"El trabajador tiene una disciplina de objetividad que detiene todos los ensueños de la imaginación. Ya ha visto lo que observa en el microscopio. Podría decirse, de un modo paradójico, que no ve nunca por primera vez. En todo caso, en el reino de la observación científica y en la segura objetividad, la "primera vez" no cuenta.
La observación pertenece entonces al reino de las "varias veces". Psicológicamente en el trabajo científico es preciso digerir primero la sorpresa. Lo que el sabio observa está bien definido en un cuerpo de pensamientos y de experiencias. No es, pues, al nivel de los problemas de la experiencia científica donde tenemos que hacer observaciones cuando estudiamos la imaginación. Olvidando, como hemos dicho ya en nuestra Introducción, todos nuestros hábitos de objetividad científica, debemos buscar las imágenes de la primera vez"

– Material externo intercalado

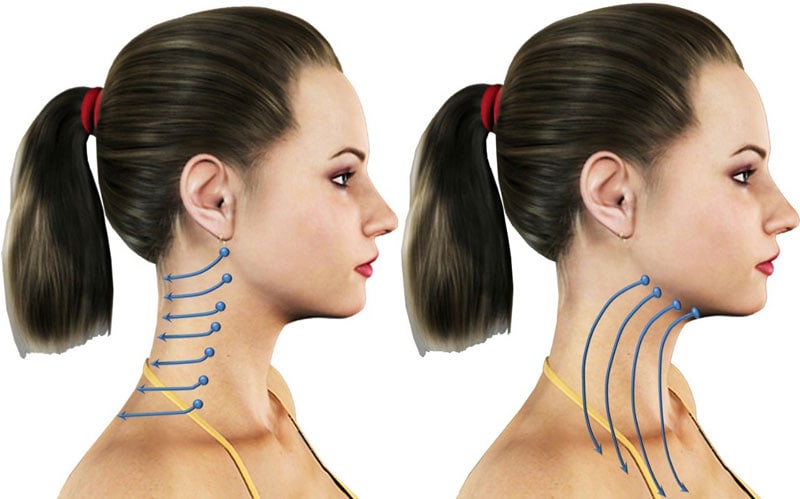 Lifting Cuello Dr Padilla Tecnica | Dr. César Padilla, Málaga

Gastón Bachelard (1884- 1962), filósofo y poeta francés, fragmento de "Poética del espacio" (p. 192)
"Lo grande sale de lo pequeño, no por la ley lógica de una dialéctica de los contrarios, sino gracias a la liberación de todas las obligaciones de las dimensiones, liberación que es la característica misma de la actividad de la imaginación [...] La lupa condiciona, en esta experiencia, una entrada en el mundo. El hombre de la lupa no es aquí el anciano que quiere con unos ojos cansados de ver, leer todavía el periódico. El hombre de la lupa toma el mundo como una novedad. Si nos confiara sus descubrimientos vividos, nos daría documentos de fenomenología pura, donde el descubrimiento del mundo, o la entrada en el mundo, sería más que una palabra gastada, más que una palabra empanada por su uso filosófico tan frecuente [...] El hombre de la lupa suprime-muy simplemente-el mundo familiar. Es una mirada fresca ante un objeto nuevo. La lupa del botánico es la infancia vuelta a encontrar. Presta de nuevo al botánico la mirada amplificadora del niño. Con ella, vuelve al jardín, en el jardín. Así lo minúsculo, puesta estrecha, si las hay, abre el mundo. El detalle de una cosa puede ser el signo de un mundo nuevo, de un mundo, que como todos los mundos, contiene los atributos de la grandeza.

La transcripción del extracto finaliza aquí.